Saved entries:
********************

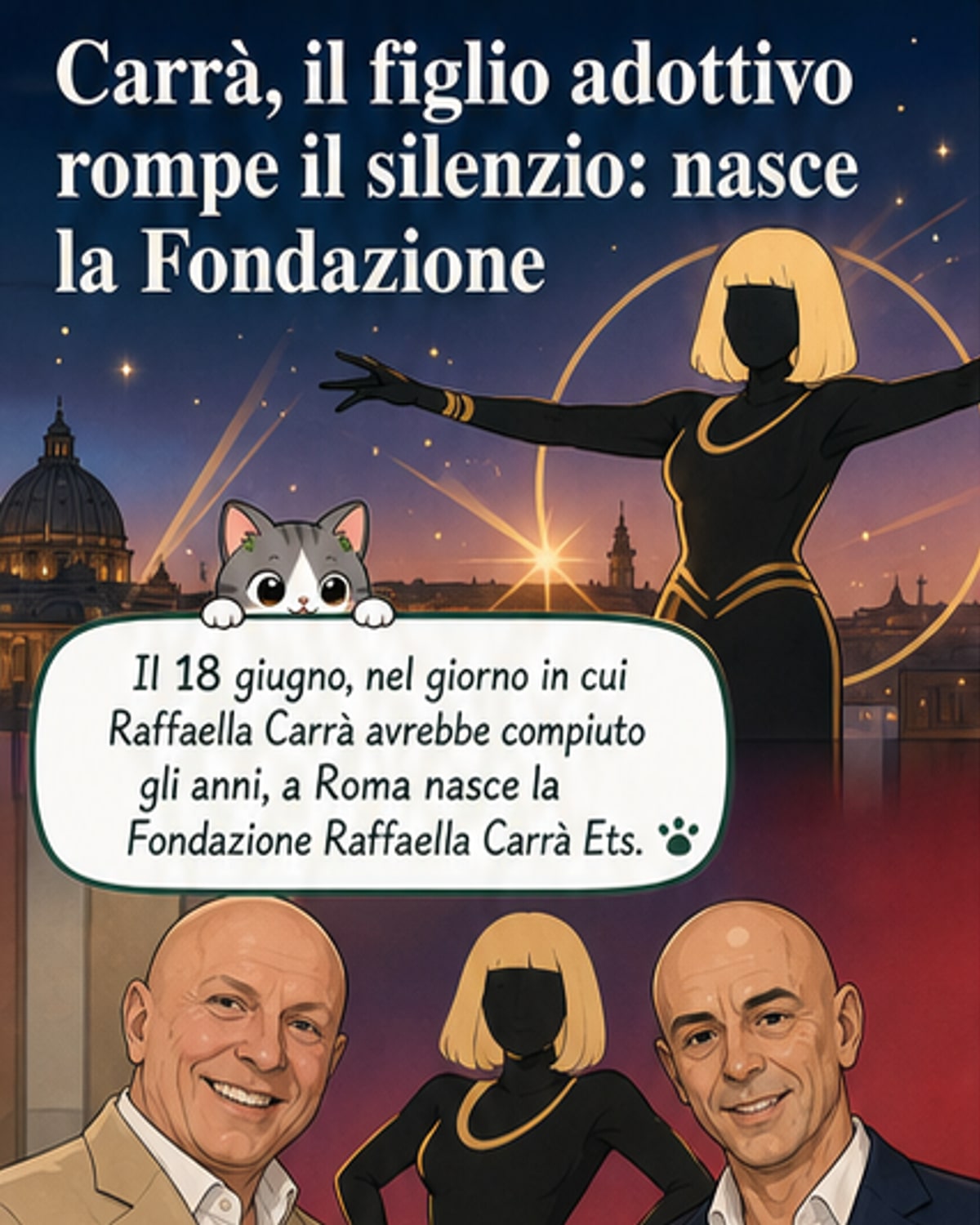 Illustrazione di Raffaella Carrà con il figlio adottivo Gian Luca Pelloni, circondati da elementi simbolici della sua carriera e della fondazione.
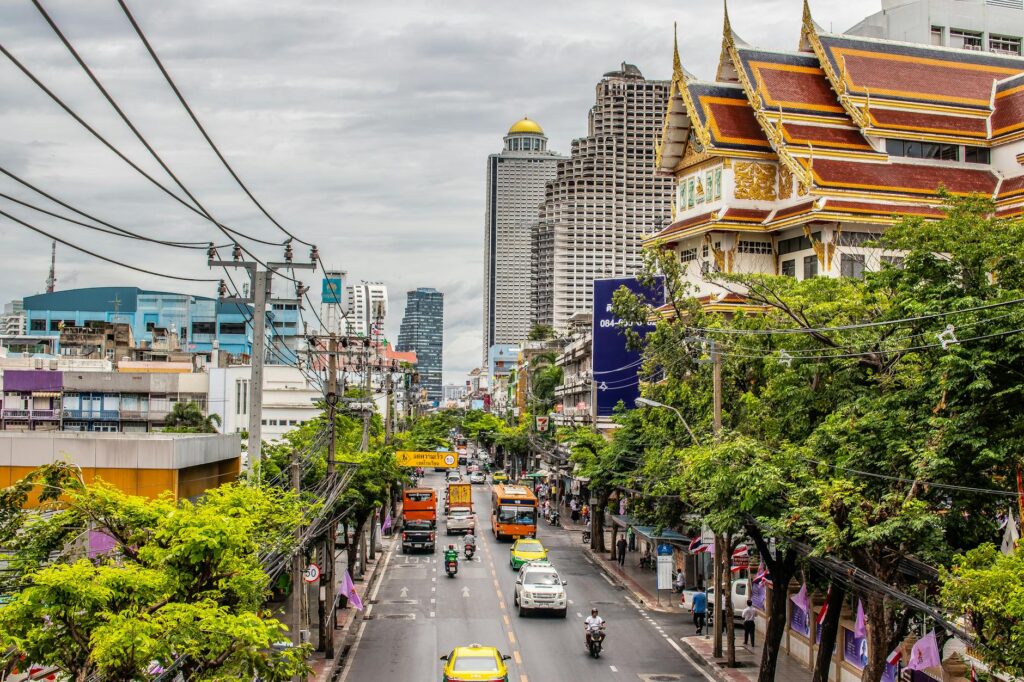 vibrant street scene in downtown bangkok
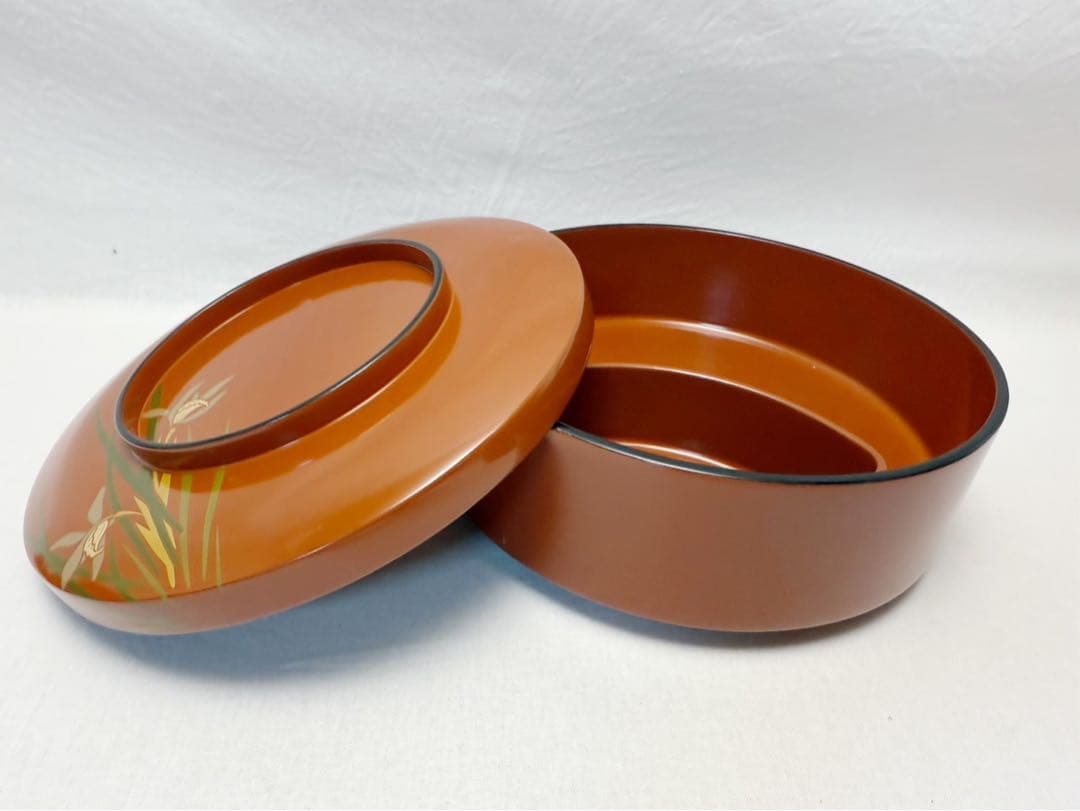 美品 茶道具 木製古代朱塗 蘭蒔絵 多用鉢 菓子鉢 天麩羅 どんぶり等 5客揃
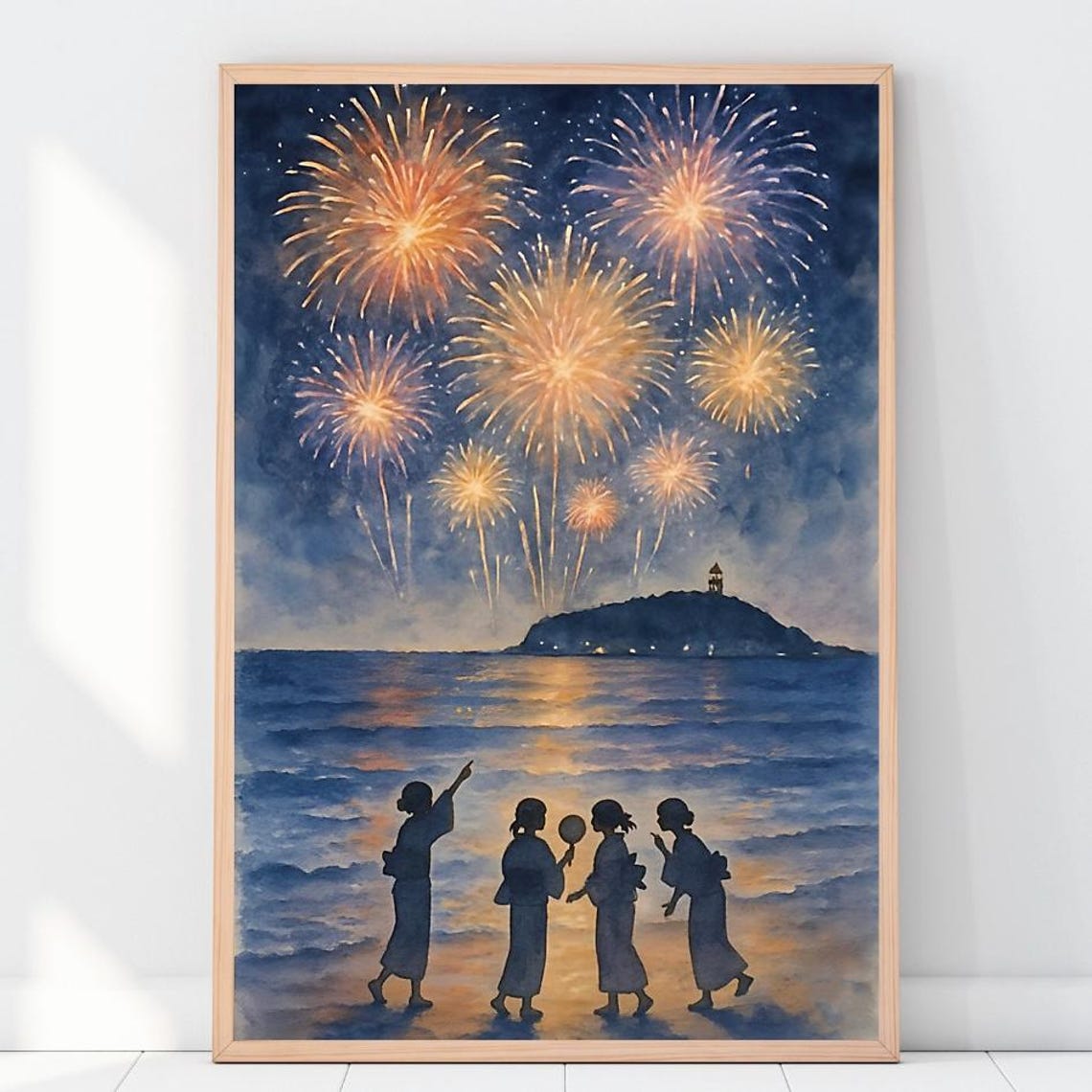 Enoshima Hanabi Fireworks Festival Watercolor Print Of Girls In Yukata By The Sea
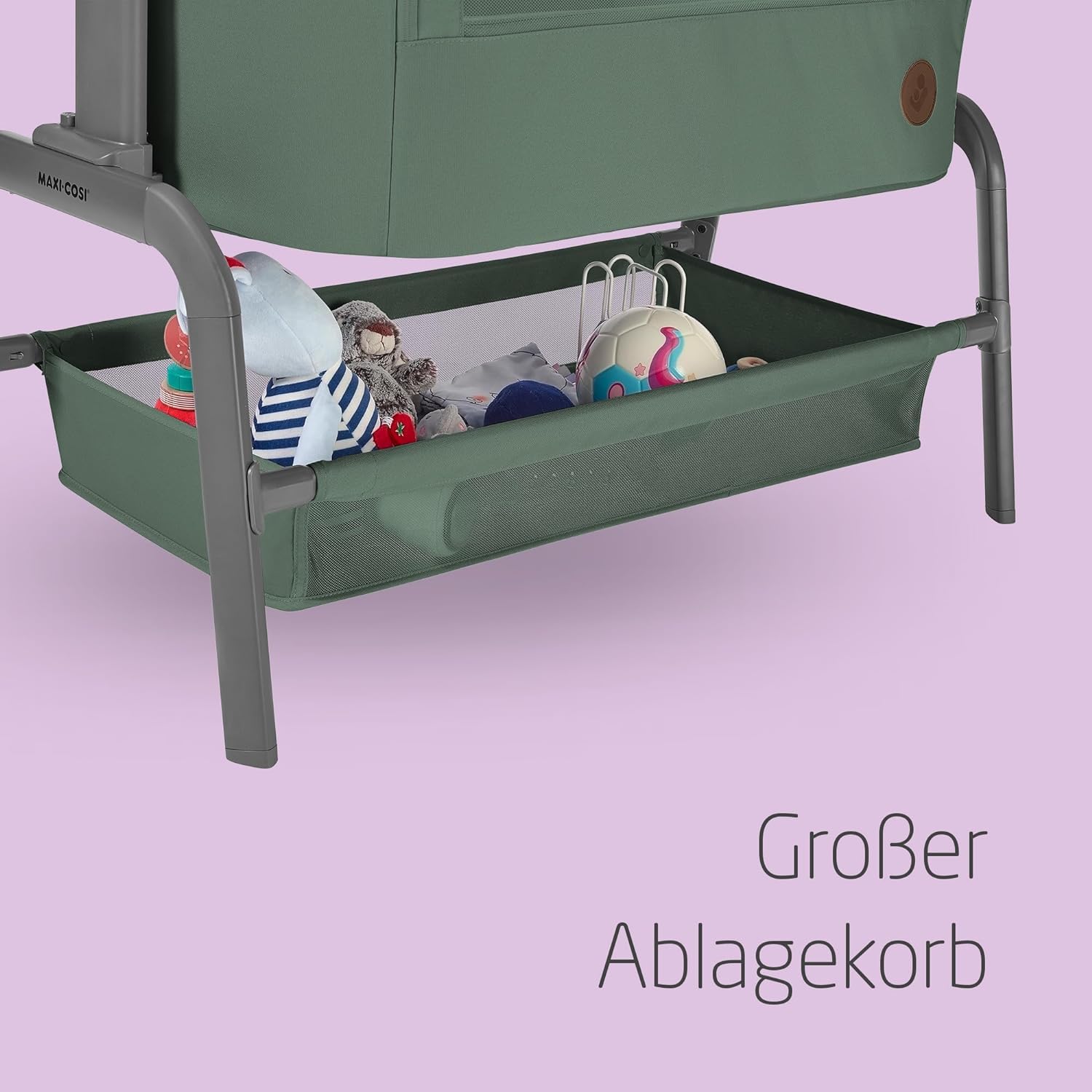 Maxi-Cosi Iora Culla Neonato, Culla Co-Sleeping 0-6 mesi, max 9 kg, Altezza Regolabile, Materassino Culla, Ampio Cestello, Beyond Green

********************

**BRIEF**
Could the entries above be copied out exactly, with no pictures included?

**OUTPUT OF THE EXERCISE**
 Illustrazione di Raffaella Carrà con il figlio adottivo Gian Luca Pelloni, circondati da elementi simbolici della sua carriera e della fondazione.
 vibrant street scene in downtown bangkok
 美品 茶道具 木製古代朱塗 蘭蒔絵 多用鉢 菓子鉢 天麩羅 どんぶり等 5客揃
 Enoshima Hanabi Fireworks Festival Watercolor Print Of Girls In Yukata By The Sea
 Maxi-Cosi Iora Culla Neonato, Culla Co-Sleeping 0-6 mesi, max 9 kg, Altezza Regolabile, Materassino Culla, Ampio Cestello, Beyond Green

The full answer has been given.